Erst kam die Pflicht, jetzt kommt die Kür – so fasste Gesundheitsminister Philipp Rösler kürzlich zusammen, wie viel Spaß er bisher an den Reformen seines Ressorts hatte und was er sich für 2011 erhofft. Pflicht – damit meinte er vor allem die Einführung einer Gesundheitsprämie und Einsparungen von rund neun Milliarden Euro. Kür – so sieht Rösler unter anderem die geplante Pflegereform, die für 2011 verabredet ist.

Im Koalitionsvertrag ist festgelegt, dass die Versicherten künftig nicht nur Abgaben für die gesetzliche Pflegeversicherung zahlen müssen, sondern zusätzlich auch noch zum Sparen für den Fall der Pflegebedürftigkeit gezwungen werden. "Verpflichtend, individualisiert und generationengerecht" soll die neue Pflegevorsorge sein, heißt es.

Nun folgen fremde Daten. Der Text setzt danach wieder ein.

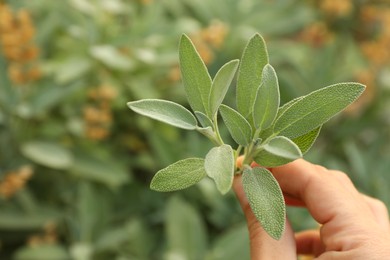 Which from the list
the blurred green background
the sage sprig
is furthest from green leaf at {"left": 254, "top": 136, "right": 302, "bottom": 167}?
the blurred green background

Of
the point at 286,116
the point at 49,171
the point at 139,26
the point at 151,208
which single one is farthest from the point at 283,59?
the point at 286,116

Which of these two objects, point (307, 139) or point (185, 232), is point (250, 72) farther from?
point (185, 232)

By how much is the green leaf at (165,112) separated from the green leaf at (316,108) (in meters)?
0.08

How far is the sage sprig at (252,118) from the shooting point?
0.51 m

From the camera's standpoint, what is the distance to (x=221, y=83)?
0.54 metres

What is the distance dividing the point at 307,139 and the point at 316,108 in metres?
0.04

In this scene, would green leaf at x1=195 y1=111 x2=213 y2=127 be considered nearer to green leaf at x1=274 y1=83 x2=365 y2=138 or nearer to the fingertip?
green leaf at x1=274 y1=83 x2=365 y2=138

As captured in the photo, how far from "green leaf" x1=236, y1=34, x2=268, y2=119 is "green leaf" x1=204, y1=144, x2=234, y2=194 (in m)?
0.07

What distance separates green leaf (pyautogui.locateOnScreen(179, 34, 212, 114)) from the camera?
547mm

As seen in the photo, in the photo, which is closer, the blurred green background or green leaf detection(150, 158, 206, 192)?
green leaf detection(150, 158, 206, 192)

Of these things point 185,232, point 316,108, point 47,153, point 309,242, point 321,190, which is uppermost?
point 316,108

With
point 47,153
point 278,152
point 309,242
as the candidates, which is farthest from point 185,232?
point 278,152

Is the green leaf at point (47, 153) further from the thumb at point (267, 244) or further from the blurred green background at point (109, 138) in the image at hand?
the thumb at point (267, 244)

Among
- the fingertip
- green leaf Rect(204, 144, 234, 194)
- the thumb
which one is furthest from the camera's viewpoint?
the fingertip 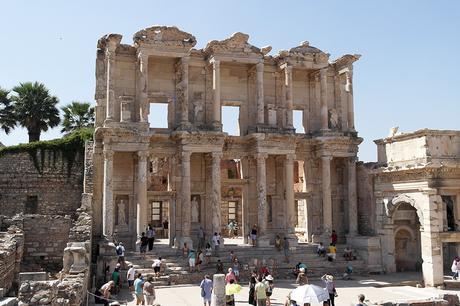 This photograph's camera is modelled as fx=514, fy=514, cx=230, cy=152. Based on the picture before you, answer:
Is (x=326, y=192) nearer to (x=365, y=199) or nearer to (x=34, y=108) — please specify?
(x=365, y=199)

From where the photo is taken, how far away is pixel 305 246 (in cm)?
2725

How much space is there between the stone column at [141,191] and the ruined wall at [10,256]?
17.7 ft

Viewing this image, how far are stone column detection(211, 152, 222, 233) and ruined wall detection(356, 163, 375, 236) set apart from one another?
8056 millimetres

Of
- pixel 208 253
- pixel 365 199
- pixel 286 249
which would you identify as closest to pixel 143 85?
A: pixel 208 253

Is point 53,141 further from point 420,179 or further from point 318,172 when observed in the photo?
point 420,179

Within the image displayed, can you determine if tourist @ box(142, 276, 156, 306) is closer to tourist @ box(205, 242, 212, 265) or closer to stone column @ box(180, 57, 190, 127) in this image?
tourist @ box(205, 242, 212, 265)

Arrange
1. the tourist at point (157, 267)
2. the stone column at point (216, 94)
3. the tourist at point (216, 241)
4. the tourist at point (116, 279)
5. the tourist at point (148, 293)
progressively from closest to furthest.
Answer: the tourist at point (148, 293) < the tourist at point (116, 279) < the tourist at point (157, 267) < the tourist at point (216, 241) < the stone column at point (216, 94)

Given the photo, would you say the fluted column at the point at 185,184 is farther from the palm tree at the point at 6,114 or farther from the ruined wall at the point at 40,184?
the palm tree at the point at 6,114

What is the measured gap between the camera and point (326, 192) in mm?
28156

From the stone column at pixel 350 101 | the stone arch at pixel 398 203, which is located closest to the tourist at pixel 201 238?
the stone arch at pixel 398 203

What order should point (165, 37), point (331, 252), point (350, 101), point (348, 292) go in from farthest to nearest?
point (350, 101) < point (165, 37) < point (331, 252) < point (348, 292)

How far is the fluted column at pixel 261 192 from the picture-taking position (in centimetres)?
2684

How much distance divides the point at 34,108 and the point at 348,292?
26.0 meters

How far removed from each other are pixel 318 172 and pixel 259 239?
584 centimetres
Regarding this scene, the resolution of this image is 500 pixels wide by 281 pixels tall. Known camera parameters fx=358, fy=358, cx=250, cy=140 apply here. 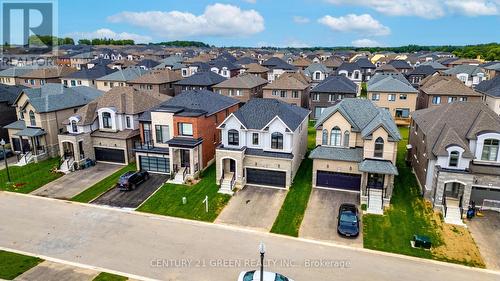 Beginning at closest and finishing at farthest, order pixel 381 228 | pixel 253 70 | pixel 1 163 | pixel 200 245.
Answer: pixel 200 245 < pixel 381 228 < pixel 1 163 < pixel 253 70

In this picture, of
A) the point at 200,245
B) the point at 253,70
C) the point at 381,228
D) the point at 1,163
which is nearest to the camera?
the point at 200,245

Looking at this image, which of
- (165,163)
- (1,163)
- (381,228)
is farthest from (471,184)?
(1,163)

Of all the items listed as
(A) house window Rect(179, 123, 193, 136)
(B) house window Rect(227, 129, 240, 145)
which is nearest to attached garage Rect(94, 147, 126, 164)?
(A) house window Rect(179, 123, 193, 136)

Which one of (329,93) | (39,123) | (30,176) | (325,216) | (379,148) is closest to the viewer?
(325,216)

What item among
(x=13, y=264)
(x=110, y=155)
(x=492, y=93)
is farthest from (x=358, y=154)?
(x=492, y=93)

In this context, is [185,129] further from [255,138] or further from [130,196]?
[130,196]

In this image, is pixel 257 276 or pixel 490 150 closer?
pixel 257 276

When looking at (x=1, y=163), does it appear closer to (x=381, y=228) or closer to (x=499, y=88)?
(x=381, y=228) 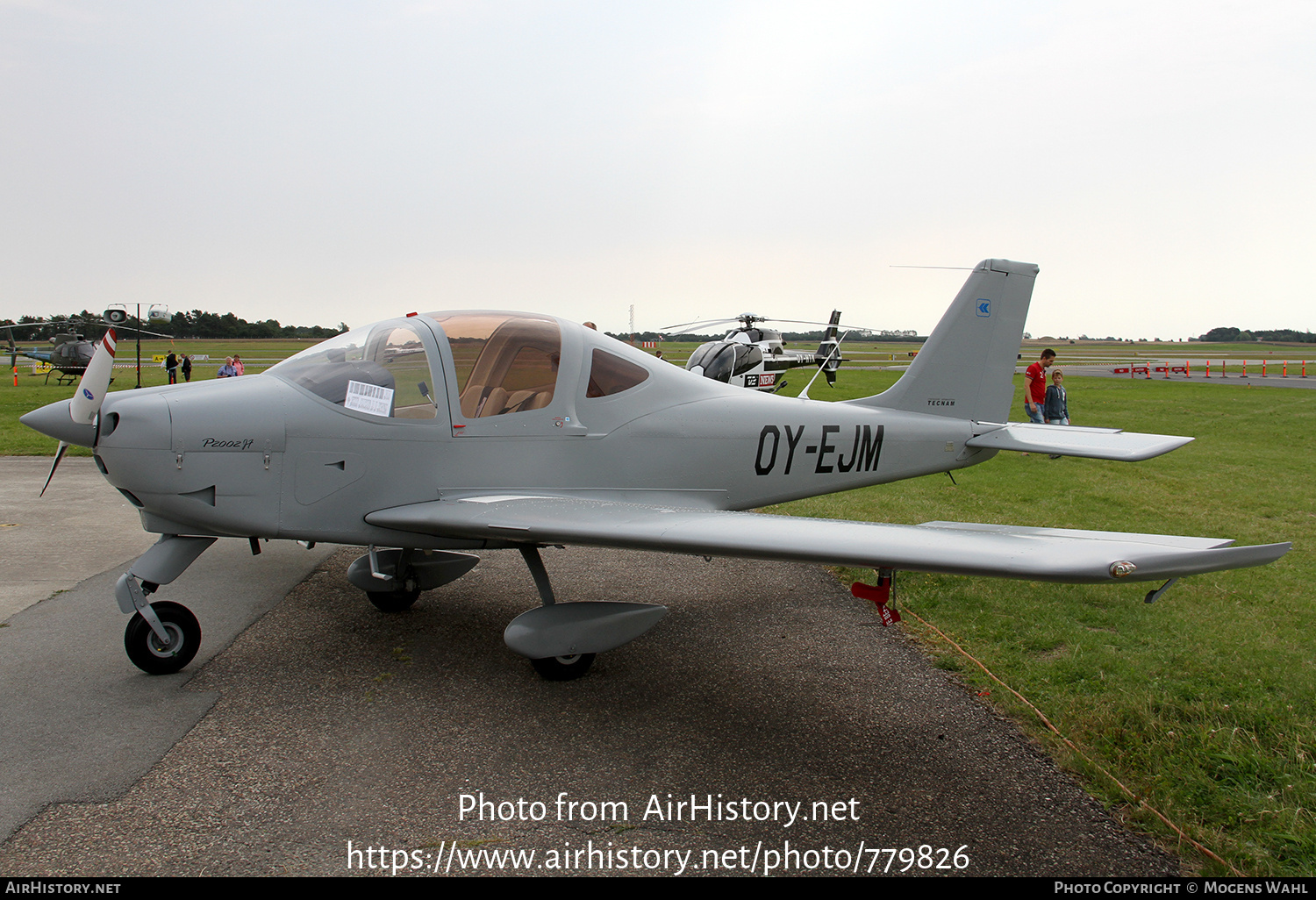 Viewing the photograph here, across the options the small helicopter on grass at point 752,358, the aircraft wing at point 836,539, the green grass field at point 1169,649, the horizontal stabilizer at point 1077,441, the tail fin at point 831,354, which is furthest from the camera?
the tail fin at point 831,354

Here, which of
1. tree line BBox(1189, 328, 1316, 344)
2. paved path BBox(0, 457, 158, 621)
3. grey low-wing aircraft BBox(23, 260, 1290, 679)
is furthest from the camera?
tree line BBox(1189, 328, 1316, 344)

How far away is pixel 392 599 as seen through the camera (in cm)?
547

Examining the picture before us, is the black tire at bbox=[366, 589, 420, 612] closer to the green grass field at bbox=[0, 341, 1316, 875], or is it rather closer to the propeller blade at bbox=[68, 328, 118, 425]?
the propeller blade at bbox=[68, 328, 118, 425]

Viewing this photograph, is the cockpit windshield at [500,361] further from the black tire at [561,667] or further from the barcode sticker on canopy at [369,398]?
the black tire at [561,667]

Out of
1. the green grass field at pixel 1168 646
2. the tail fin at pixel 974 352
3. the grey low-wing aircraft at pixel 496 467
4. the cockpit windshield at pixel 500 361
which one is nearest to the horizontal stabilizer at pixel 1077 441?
the grey low-wing aircraft at pixel 496 467

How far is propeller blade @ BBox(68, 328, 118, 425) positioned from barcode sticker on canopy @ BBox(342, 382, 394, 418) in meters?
1.14

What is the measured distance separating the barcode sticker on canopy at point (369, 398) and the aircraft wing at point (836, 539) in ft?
1.95

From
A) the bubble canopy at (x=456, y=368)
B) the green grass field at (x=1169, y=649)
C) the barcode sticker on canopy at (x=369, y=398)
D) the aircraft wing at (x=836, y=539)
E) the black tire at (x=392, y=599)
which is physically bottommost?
the black tire at (x=392, y=599)

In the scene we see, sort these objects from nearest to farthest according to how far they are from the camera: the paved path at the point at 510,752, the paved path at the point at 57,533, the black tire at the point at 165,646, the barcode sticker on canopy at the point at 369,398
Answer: the paved path at the point at 510,752 < the black tire at the point at 165,646 < the barcode sticker on canopy at the point at 369,398 < the paved path at the point at 57,533

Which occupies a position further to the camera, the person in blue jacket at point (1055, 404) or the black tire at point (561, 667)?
the person in blue jacket at point (1055, 404)

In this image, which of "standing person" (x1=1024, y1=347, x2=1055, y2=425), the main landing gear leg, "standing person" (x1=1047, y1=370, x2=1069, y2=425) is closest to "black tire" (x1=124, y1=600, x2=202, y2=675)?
the main landing gear leg

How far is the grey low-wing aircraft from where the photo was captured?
371 cm

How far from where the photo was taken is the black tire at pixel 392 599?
17.9 feet

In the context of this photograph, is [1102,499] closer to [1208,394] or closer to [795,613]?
[795,613] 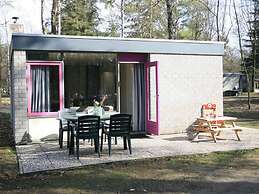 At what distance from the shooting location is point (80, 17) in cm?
3394

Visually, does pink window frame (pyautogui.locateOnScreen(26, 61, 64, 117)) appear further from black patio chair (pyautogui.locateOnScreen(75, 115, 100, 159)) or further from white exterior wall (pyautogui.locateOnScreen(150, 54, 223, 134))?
black patio chair (pyautogui.locateOnScreen(75, 115, 100, 159))

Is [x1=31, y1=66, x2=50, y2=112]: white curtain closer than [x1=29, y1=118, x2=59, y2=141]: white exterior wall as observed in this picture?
No

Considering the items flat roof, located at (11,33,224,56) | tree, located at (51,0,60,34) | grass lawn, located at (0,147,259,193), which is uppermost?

Zwangssparen für die Pflege, das klingt nicht nach einem einfachen oder gar populären Projekt. Gleichwohl scheinen sich auch viele der Jüngeren aus den Bundestagsfraktionen von CDU und FDP auf diese Reform regelrecht zu freuen. Eine neue kapitalgedeckte Altersvorsorge gehört seit vielen Jahren zum Forderungskatalog der Jugendorganisationen und auch der Wirtschaftsflügel in beiden Parteien.

Streitpunkt Rentner: Sollen sie profitieren, ohne einzuzahlen?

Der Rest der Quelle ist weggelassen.